Grassroots loyalists have claimed there is no appetite for violence from the Twaddell civil rights camp in north Belfast, despite a leading Orangeman warning of “civil disobedience” from protestors.
Their comments come despite comments over the weekend from senior Orangeman William Mawhinney, flanked by DUP politician Nelson McCausland, when he warned that protests in the area could result in “civil disobedience”.
Subsequently, senior DUP member Arlene Foster defended the right of people to protest but said they must be peaceful and warned everyone to remain within the law.
Mr McCausland said: “For 80 days people have protested in a way that is entirely peaceful and that’s the way it should remain.
“I commend them for the peacefulness of the protest and may that continue always in that same manner.”
Basil McCrea MLA, leader of NI21, said yesterday: “Despite six-and-a-half years of being in government, the DUP appears to be unable to jettison the politics of street protest.
“If things go wrong and turn to violence in the days ahead those that shared a platform with Mr Mawhinney must share the blame.”
West Belfast UPRG spokesman Isaac Andrews said there had been no threat of violence: “The only civil disobedience has been that bands have been playing music even though the parades commission restriction disallowed this two weeks ago.”

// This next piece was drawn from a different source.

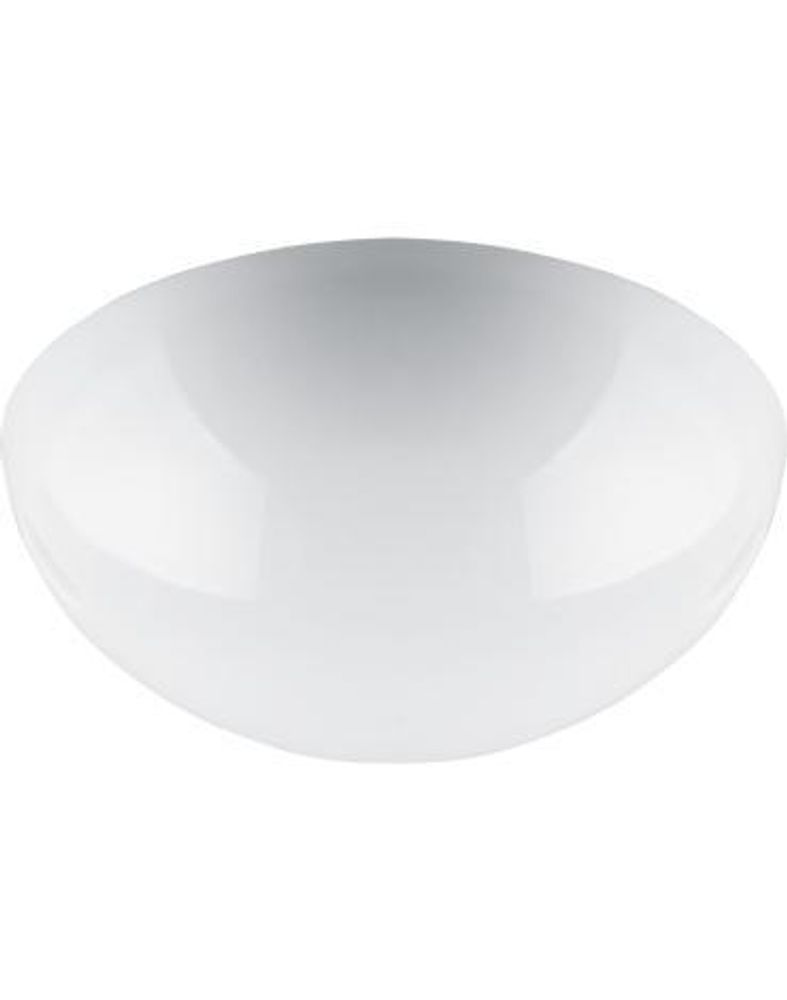 Светильник накладной белый матовый Feron   IP54 220 V 60Вт Е27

PUP spokesman Winston Irvine said that violence “will not be tolerated”.
Tommy Cheevers of the North and West Belfast Parades Forum said he had “no concerns at all” that there would be violence.
The Orange Order said it “remains committed to peacefully and resolutely maintaining the ongoing presence at Twaddell Avenue” until three lodges barred from completing their march on July 12 can proceed.

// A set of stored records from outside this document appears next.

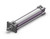 SMC C96SF40-200C Cylinder, Tie Rod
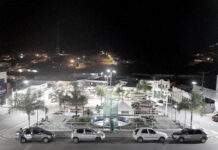 Município de Brejões registrou 18ª morte por Coronavírus na última quinta-feira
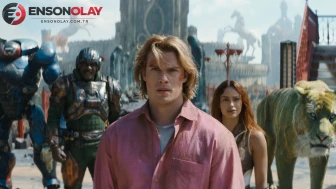 Dev bütçeli film gişede beklenen ilgiyi göremeyince dijital platformlarda izleyicilerle buluşacak!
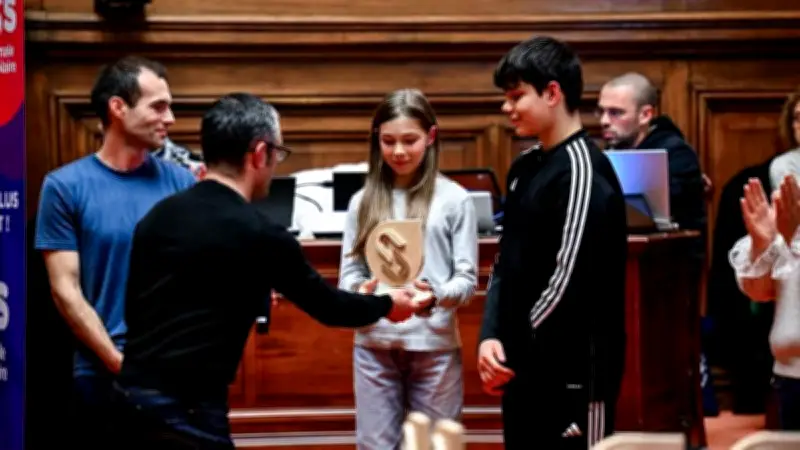 Le collège Pierre-Deley de Marseillan primé nationalement pour son combat contre le harcèlement scolaire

NI Conservatives’ co-chair Trevor Ringland said calls from a senior Belfast Orangeman to “upscale” protests in north Belfast were “irresponsible”.
“Really, at a time when traders and the law-abiding majority in Belfast are crying out for calm on the streets, this type of rhetoric is unhelpful,” said Mr Ringland.
“In fact, Mr Mawhinney is playing into the hands of republicans and Sinn Fein with his statement. I would urge the Orange Order to say something publicly to distance itself from the County Grand Secretary’s comments.”
He said it was “time for everyone who is involved to show cool heads and do everything possible to prevent further tensions”.
Loyalists associated with the Twaddell Avenue protest in north Belfast say that Sinn Fein calls for dialogue are spurious as they have been in talks for eight years together on the matter.
Isaac Andrews of the UPRG said: “We have been in dialogue here for eight years. We have given way on flags and certain bands they did not like, timing, music and have moved supporters on.”
PUP spokesman Winston Irvine said: “It suits the Sinn Fein agenda to call for dialogue and say Protestants will not talk.
“But the Parades Commission can verify talks have taken place for years.”
Tommy Cheevers of the North and West Belfast Parades Forum said: “Sinn Fein know the media are not aware of these talks so they put out statements calling for dialogue.”